Citations sur Oeuvres 02 : Poésie (38)
L'air maintenant, parfois, semble porter,
tremblante, une charge invisible.
Mais nous, il faut que nous nous contentions
du visible ; si grand que soit notre désir,
d'atteindre, derrière les jours et la vie,
Jusqu'à ce souffle imprégné de retour.
Comment peut-il, le lointain, être si proche
et ne pas approcher pourtant ? pas jusqu'ici ?
Un jour déjà ce fut pareil. Mais sans,
timide, épars dans le vent, ce bonheur
d'avant-printemps. Peut-être le très-grand n'a-t-il
nul droit d'approcher plus : ainsi croîtrait l'année.
Ainsi l'âme croîtrait, quand monte la saison
de l'âme... Nous ne sommes rien de cela.
Par le lointain, ici, nous sommes arrachés,
élevés et à distance anéantis.
LES ROSES
23
Rose, venue très tard, que les nuits amères arrêtent
par leur trop sidérale clarté,
rose, devines-tu les faciles délices complètes
de tes sœurs d’été ?
Pendant des jours et des jours je te vois qui hésites
dans ta gaine serrée trop fort.
Rose qui, en naissant, à rebours imites
les lenteurs de la mort.
Ton innombrable état te fait-il connaître
dans un mélange où tout se confond,
cet ineffable accord du néant et de l’être
que nous ignorons ?
LES ROSES
22
Vous encor, vous sortez
de la terre des morts,
rose, vous qui portez
vers un jour tout en or
ce bonheur convaincu.
L’autorisent-ils, eux
dont le crâne creux
n’en a jamais tant su ?
LES ROSES
19
Est-ce en exemple que tu te proposes ?
Peut-on se remplir comme les roses,
en multipliant sa subtile matière
qu’on avait faite pour ne rien faire ?
Car ce n’est pas travailler que d’être
une rose, dirait-on.
Dieu, en regardant par la fenêtre,
fait la maison.
LES ROSES
18
Tout ce qui nous émeut, tu le partages.
Mais ce qui t’arrive, nous l’ignorons.
Il faudrait être cent papillons
pour lire toutes tes pages.
Il y en a d’entre vous qui sont comme des dictionnaires ;
ceux qui les cueillent
ont envie de faire relier toutes ces feuilles.

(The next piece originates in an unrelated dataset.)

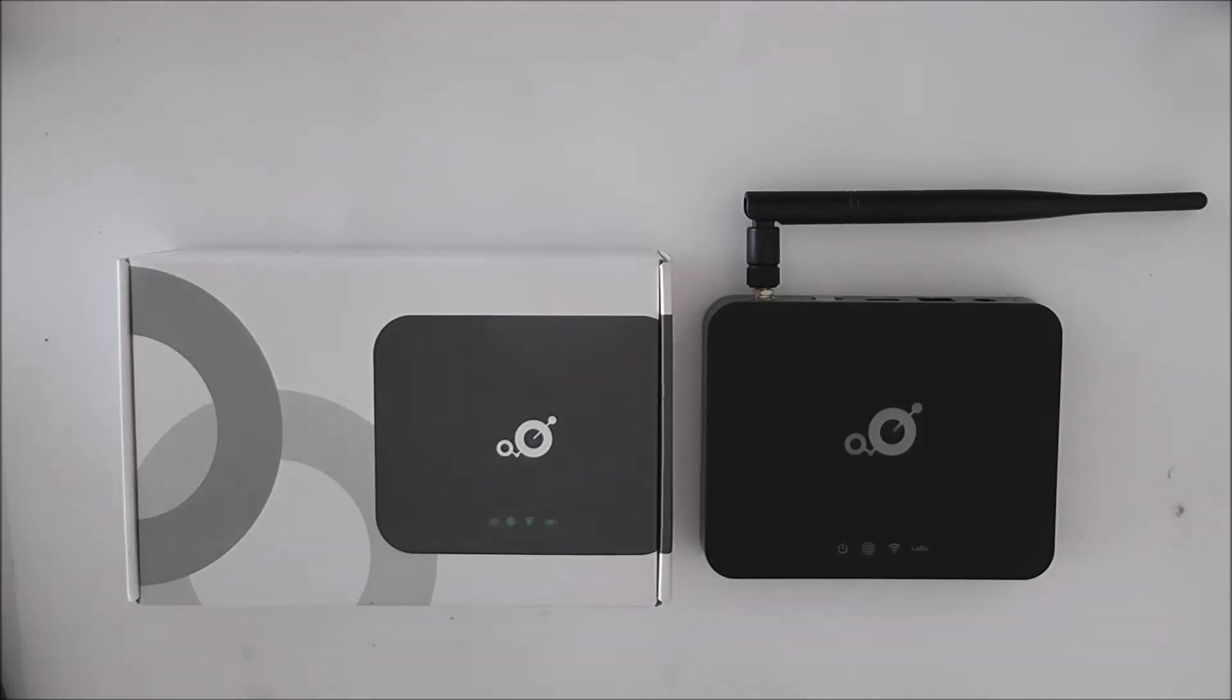Hello guys, welcome to another Solve Electronics video and today I have with me these helium miners.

Moi, j’aime les roses épistolaires.
LES ROSES
17
C’est toi qui prépares en toi
plus que toi, ton ultime essence.
Ce qui sort de toi, ce troublant émoi,
c’est ta danse.
Chaque pétale consent
et fait dans le vent
quelques pas odorants
invisibles.
O musique des yeux,
toute entourée d’eux,
tu deviens au milieu
intangible.
LES ROSES
16
Ne parlons pas de toi. Tu es ineffable
selon ta nature.
D’autres fleurs ornent la table
que tu transfigures.
On te met dans un simple vase —,
voici que tout change :
c’est peut-être la même phrase,
mais chantée par un ange.
LES ROSES
15
Seule, ô abondante fleur,
tu crées ton propre espace ;
tu te mires dans une glace
d’odeur.
Ton parfum entoure comme d’autres pétales
ton innombrable calice.
Je te retiens, tu t’étales,
prodigieuse actrice.
LES ROSES
12
Contre qui, rose,
avez-vous adopté
ces épines ?
Votre joie trop fine
vous a-t-elle forcée
de devenir cette chose armée ?
Mais de qui vous protège
cette arme exagérée ?
Combien d’ennemis vous ai-je enlevés
qui ne la craignaient point.
Au contraire, d’été en automne,
vous blessez les soins
qu’on vous donne.
LES ROSES
10
Amie des heures où aucun être ne reste,
où tout se refuse au cœur amer ;
consolatrice dont la présence atteste
tant de caresses qui flottent dans l’air.
Si l’on renonce à vivre, si l’on renie
ce qui était et ce qui peut arriver,
pense-t-on jamais assez à l’insistante amie
qui à côté de nous fait son œuvre de fée.